┏━━

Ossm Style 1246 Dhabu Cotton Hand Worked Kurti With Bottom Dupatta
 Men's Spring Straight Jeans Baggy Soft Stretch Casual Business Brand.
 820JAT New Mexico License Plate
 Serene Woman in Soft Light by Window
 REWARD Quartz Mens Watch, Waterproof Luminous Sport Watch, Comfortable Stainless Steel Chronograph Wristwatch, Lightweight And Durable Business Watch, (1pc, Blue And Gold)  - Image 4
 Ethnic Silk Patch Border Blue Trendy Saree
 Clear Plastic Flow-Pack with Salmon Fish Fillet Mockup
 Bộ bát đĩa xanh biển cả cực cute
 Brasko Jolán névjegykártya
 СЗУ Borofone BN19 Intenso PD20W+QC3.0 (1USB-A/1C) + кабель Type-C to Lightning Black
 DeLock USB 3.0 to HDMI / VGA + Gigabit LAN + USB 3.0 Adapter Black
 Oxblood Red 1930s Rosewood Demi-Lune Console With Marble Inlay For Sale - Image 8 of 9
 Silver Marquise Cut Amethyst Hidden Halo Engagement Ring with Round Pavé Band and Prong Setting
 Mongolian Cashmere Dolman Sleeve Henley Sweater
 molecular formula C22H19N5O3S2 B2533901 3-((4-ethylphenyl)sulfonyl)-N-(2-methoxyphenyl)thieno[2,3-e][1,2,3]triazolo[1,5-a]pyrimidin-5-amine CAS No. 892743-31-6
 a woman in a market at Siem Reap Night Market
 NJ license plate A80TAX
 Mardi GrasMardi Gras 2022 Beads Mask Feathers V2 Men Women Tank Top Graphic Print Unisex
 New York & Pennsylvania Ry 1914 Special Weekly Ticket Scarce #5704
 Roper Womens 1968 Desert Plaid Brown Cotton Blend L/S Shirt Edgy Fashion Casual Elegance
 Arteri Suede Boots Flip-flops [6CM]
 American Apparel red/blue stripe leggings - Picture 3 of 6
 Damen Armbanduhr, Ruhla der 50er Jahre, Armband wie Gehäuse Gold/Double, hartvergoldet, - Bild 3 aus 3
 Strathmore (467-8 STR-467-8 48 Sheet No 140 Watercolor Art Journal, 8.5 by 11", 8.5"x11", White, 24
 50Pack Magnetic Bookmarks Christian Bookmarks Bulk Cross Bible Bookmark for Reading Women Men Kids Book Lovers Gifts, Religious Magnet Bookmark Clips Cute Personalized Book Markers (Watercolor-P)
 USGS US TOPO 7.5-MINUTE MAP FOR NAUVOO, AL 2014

┗━━

• _Task brief_
Using the entries above, extract exactly the span from the line with "Brasko Jolán névjegykártya" to the line with "Oxblood Red 1930s", both lines included; leave out everything else.

• _Result below_
 Brasko Jolán névjegykártya
 СЗУ Borofone BN19 Intenso PD20W+QC3.0 (1USB-A/1C) + кабель Type-C to Lightning Black
 DeLock USB 3.0 to HDMI / VGA + Gigabit LAN + USB 3.0 Adapter Black
 Oxblood Red 1930s Rosewood Demi-Lune Console With Marble Inlay For Sale - Image 8 of 9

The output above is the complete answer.